In horology, the term electric watch is used for the first-generation electrically-powered wristwatches which were first publicly displayed by both Elgin National Watch Company and Lip on March 19, 1952, with working laboratory examples in Chicago and Paris. The Hamilton Watch Company was the first to produce and retail an electric watch, from 1957. The timekeeping element of these watches was either a traditional balance wheel or a tuning fork, driven by an electro-mechanical solenoid powered by a small battery. The hands were driven mechanically through a wheel train. Electro-mechanical watches were superseded by quartz watches, which were more accurate and more durable, with fewer parts, starting with the Astron battery-powered watch with quartz crystal-controlled movement introduced by Seiko in 1969.

==Weaknesses==
A weak point in early balance wheel electric watches were the switch contacts on the balance wheel, which turned the solenoid on briefly to provide the impulse to keep the wheel oscillating. These wore out and did not operate reliably. Later designs used electromagnetic sensing, with a transistor in the circuit to turn the solenoid on.

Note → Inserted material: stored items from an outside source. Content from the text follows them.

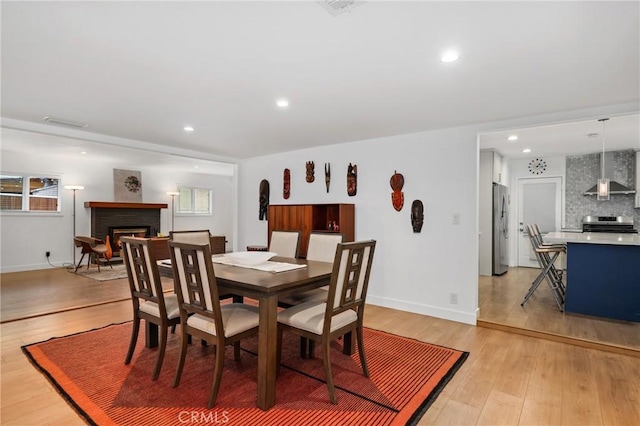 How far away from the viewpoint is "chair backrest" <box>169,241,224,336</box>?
204 centimetres

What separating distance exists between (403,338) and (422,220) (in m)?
1.47

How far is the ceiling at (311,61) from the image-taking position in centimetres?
170

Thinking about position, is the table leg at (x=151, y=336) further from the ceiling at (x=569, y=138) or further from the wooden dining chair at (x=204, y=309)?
the ceiling at (x=569, y=138)

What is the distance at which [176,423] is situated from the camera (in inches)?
74.9

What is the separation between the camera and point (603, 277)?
369 cm

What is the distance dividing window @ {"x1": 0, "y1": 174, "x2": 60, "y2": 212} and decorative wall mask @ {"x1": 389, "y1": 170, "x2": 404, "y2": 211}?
709 cm

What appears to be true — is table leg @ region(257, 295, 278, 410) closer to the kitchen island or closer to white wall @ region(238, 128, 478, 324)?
white wall @ region(238, 128, 478, 324)

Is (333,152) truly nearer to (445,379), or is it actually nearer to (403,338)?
(403,338)

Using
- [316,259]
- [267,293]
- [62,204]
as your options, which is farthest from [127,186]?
[267,293]

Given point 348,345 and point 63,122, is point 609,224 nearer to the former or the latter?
point 348,345

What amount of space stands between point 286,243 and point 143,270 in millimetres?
1519

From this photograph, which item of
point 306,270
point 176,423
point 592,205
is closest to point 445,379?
point 306,270

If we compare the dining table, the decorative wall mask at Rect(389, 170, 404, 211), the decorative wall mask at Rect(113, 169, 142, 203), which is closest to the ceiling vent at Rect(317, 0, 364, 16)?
the dining table

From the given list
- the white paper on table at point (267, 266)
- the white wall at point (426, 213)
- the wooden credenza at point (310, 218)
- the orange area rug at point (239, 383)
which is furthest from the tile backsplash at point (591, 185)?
the white paper on table at point (267, 266) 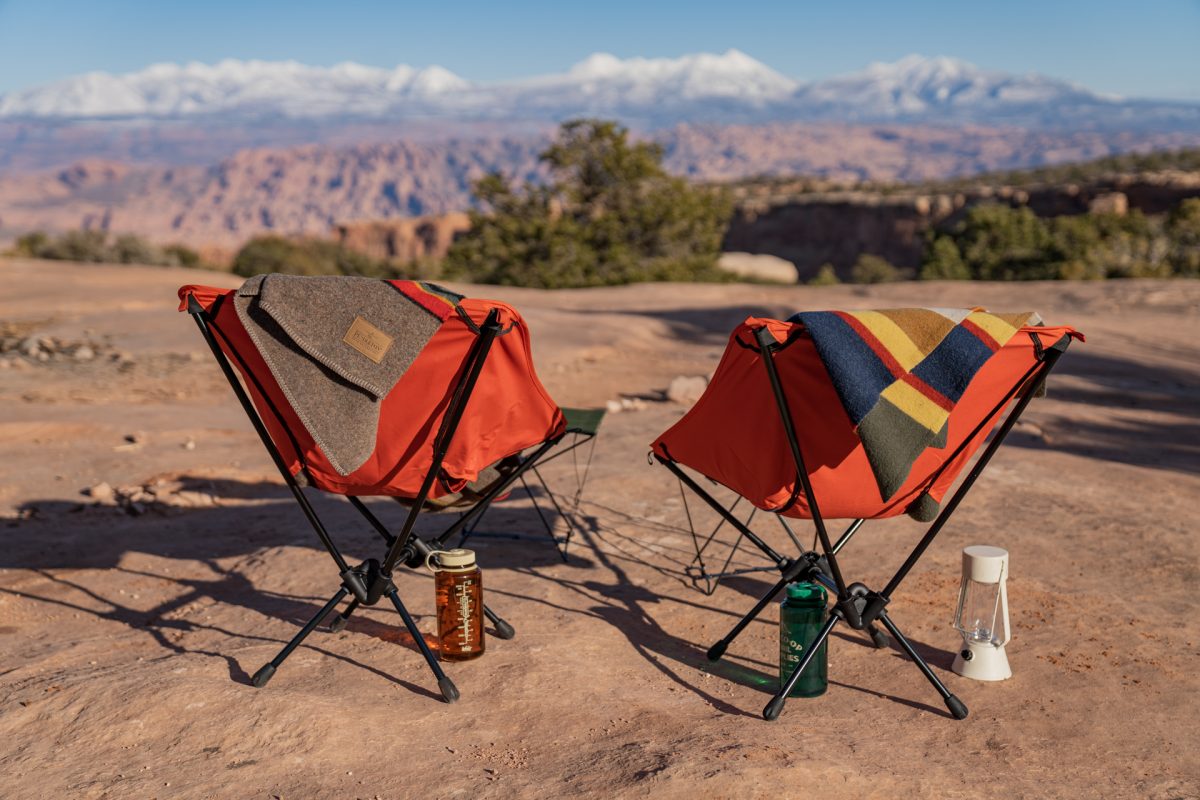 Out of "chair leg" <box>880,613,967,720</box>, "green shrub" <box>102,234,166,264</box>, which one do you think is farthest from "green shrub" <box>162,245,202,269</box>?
"chair leg" <box>880,613,967,720</box>

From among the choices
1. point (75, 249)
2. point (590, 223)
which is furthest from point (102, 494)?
point (75, 249)

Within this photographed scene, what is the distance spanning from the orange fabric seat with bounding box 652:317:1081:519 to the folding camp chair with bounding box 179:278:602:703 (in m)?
0.66

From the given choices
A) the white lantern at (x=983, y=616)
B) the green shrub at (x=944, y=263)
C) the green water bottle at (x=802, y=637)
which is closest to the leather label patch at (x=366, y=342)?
the green water bottle at (x=802, y=637)

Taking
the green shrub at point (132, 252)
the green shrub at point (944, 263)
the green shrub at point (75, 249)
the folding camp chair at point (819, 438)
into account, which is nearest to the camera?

==Types of electric watches==
- Moving coil system, contact controlled: refers to watches with a balance wheel with integrated coil, fixed magnets and mechanical contacts. Examples of this technology are Hamilton 500 (first retail electric watch in 1957), Epperlein 100, Champion (Ruhla / UMF), Slava 114ChN and Timex M40.

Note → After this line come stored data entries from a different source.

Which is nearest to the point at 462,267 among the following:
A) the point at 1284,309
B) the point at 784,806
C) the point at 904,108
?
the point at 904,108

- Fixed coil system, contact controlled: watches with a piece of refined iron attached to the balance wheel, a fixed coil and mechanical contacts. In order to extend the life of the watch, some of these movements included a diode to minimize sparking on the contacts. Examples of this technology are Lip electronic R 27, LIP R 148, Elgin electronic 722, 725, 910 which were the smallest electro-mechanical movements ever made and Landeron (ESA - Ebauches S.A.) 4750.
- Transistorized watches with balance: had a balance wheel, a transistor acting as a switch and no mechanical contacts. Usually the coil was located in the base plate and the magnets are on the balance wheel. Watches using this technology include Timex M87/Laco 882, Citizen X-8 series and Seiko Electronic 31A. Another common example is ESA Dynotron cal. 9150.
- Tuning fork watches: Instead of a balance wheel, these watches used a tuning fork driven by a solenoid powered by a one-transistor oscillator circuit and no mechanical contacts. The tuning fork had an attached pawl and 'index wheel', which turned the gear train. The common frequencies used in watches were 300 Hz (ESA MOSABA cal. 9162, 9164 and 9210), 360 Hz (Bulova Accutron cal. 214 and 218), Slava Transistor, Tianjin 'Yinchabiao', Prim Elton, 480 Hz (Bulova Accutron cal. 2300) and 720 Hz (Omega Megasonic cal. 1220 and 1230). Omega F300Hz and Speedsonics series are common examples of ESA MOSABA based watches.